[Opening Supplied records section]

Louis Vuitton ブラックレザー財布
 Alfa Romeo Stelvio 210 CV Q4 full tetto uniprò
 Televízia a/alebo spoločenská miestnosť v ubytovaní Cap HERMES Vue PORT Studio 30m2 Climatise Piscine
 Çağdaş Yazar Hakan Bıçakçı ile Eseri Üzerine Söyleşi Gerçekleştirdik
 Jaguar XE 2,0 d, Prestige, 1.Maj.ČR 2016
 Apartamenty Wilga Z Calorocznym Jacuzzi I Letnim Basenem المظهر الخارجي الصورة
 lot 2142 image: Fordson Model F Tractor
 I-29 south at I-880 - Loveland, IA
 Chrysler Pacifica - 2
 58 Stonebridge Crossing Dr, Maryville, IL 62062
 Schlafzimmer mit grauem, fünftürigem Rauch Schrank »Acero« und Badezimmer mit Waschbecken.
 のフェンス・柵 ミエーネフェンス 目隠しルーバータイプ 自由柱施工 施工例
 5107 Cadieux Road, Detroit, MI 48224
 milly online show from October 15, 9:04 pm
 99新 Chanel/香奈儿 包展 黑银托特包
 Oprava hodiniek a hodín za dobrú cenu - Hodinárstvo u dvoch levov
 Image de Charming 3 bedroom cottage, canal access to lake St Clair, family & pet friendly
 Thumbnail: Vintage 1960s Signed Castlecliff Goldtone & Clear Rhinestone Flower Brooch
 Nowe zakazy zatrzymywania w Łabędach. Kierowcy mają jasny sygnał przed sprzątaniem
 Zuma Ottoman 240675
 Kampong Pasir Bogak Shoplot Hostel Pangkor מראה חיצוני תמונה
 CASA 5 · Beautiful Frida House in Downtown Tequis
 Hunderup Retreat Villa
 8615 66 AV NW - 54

[Closing Supplied records section]

Restate all of the data above. Match it word for word.

Response for this exercise:
Louis Vuitton ブラックレザー財布
 Alfa Romeo Stelvio 210 CV Q4 full tetto uniprò
 Televízia a/alebo spoločenská miestnosť v ubytovaní Cap HERMES Vue PORT Studio 30m2 Climatise Piscine
 Çağdaş Yazar Hakan Bıçakçı ile Eseri Üzerine Söyleşi Gerçekleştirdik
 Jaguar XE 2,0 d, Prestige, 1.Maj.ČR 2016
 Apartamenty Wilga Z Calorocznym Jacuzzi I Letnim Basenem المظهر الخارجي الصورة
 lot 2142 image: Fordson Model F Tractor
 I-29 south at I-880 - Loveland, IA
 Chrysler Pacifica - 2
 58 Stonebridge Crossing Dr, Maryville, IL 62062
 Schlafzimmer mit grauem, fünftürigem Rauch Schrank »Acero« und Badezimmer mit Waschbecken.
 のフェンス・柵 ミエーネフェンス 目隠しルーバータイプ 自由柱施工 施工例
 5107 Cadieux Road, Detroit, MI 48224
 milly online show from October 15, 9:04 pm
 99新 Chanel/香奈儿 包展 黑银托特包
 Oprava hodiniek a hodín za dobrú cenu - Hodinárstvo u dvoch levov
 Image de Charming 3 bedroom cottage, canal access to lake St Clair, family & pet friendly
 Thumbnail: Vintage 1960s Signed Castlecliff Goldtone & Clear Rhinestone Flower Brooch
 Nowe zakazy zatrzymywania w Łabędach. Kierowcy mają jasny sygnał przed sprzątaniem
 Zuma Ottoman 240675
 Kampong Pasir Bogak Shoplot Hostel Pangkor מראה חיצוני תמונה
 CASA 5 · Beautiful Frida House in Downtown Tequis
 Hunderup Retreat Villa
 8615 66 AV NW - 54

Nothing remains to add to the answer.